Heist v. Lock & Gunsmith, Inc.
This text of 417 So. 2d 1041 (Heist v. Lock & Gunsmith, Inc.) is published on Counsel Stack Legal Research, covering District Court of Appeal of Florida primary law. Counsel Stack provides free access to over 12 million legal documents including statutes, case law, regulations, and constitutions.
Opinion
We affirm the trial court’s order dismissing appellant’s third amended complaint, with prejudice, for failure to state a cause of action arising out of the defendant gun dealer’s sale of a .38 caliber pistol to one Bullard in circumstances that are alleged to have placed the dealer on notice that the real purchaser was Bullard’s companion in the store, Fitzpatrick. Fitzpatrick used the gun 10 days later in a crime and, while doing so, shot plaintiff’s decedent. While the circumstances alleged in the complaint may well have put the dealer on notice that Fitzpatrick was the true buyer, so placing upon the dealer an obligation to require identity proof from Fitzpatrick under federal law, the chain of foreseeable circumstances ends there. The complaint insufficiently explicates its conclusory allegations that the circumstances put the gun dealer on notice that both Bullard and Fitzpatrick were persons of “unsound mind” to whom a gun sale is prohibited by section 790.17, Florida Statutes (1979), or that they were otherwise dangerous. Cf. Angell v. F. Avanzini Lumber Company, 363 So.2d 571 (Fla. 2d DCA 1978).

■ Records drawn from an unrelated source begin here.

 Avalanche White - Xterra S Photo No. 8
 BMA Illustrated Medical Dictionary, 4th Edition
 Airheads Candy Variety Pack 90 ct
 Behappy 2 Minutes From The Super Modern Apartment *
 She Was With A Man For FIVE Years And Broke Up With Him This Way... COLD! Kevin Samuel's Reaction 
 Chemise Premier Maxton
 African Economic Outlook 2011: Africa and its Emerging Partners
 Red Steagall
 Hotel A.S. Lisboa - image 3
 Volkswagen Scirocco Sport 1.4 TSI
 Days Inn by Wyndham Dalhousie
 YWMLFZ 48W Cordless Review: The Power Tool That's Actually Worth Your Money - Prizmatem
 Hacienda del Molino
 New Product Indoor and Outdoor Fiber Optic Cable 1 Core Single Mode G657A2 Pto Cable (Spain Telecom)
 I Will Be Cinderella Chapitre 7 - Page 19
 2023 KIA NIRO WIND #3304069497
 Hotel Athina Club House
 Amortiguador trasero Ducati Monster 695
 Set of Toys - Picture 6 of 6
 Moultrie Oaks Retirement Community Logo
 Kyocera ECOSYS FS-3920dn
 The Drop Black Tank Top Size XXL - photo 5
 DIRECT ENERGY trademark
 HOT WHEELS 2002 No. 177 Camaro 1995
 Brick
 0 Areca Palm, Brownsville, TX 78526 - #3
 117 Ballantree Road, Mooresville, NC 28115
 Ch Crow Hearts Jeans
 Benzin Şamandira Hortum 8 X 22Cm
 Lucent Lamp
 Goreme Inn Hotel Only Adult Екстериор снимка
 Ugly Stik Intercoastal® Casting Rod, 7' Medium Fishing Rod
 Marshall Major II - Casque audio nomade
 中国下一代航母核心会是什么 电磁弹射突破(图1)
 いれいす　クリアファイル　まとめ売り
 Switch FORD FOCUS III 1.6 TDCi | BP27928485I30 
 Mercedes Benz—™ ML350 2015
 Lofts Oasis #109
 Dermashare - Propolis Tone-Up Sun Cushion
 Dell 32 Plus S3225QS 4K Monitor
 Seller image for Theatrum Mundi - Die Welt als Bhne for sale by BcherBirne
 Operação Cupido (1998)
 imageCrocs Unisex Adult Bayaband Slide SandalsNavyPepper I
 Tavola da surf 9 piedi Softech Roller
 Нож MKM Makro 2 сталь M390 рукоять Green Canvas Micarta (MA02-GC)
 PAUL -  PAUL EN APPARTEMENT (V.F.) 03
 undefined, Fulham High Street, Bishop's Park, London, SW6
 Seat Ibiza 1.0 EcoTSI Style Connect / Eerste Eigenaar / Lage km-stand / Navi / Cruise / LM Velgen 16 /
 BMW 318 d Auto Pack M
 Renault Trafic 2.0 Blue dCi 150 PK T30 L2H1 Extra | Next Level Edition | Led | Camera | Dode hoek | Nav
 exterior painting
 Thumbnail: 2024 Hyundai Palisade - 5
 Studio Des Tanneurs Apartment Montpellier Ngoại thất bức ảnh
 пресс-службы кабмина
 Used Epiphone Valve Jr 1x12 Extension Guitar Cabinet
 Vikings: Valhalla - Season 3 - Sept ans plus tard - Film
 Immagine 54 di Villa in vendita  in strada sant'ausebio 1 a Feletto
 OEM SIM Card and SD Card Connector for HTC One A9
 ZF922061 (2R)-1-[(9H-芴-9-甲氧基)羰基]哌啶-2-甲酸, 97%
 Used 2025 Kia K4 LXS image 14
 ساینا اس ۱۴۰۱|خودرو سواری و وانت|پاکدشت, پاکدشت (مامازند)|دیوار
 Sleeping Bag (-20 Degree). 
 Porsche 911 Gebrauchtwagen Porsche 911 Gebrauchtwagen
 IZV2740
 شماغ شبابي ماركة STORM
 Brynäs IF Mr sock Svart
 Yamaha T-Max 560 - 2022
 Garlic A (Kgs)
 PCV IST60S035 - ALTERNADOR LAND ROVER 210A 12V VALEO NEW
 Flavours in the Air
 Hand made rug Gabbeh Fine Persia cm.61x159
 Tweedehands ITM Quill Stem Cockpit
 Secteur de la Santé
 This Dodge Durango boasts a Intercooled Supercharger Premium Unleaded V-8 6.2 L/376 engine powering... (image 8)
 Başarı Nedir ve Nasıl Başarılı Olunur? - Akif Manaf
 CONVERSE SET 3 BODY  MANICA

It is not clear whether the trial court’s observations about the vagueness of the statutory term “unsound mind” amounted to a declaration that the statute is unconstitutionally vague; since we find it unnecessary to reach that question, we construe the trial court’s observations as observations only, equally unnecessary to and not a part of the decision. •
AFFIRMED.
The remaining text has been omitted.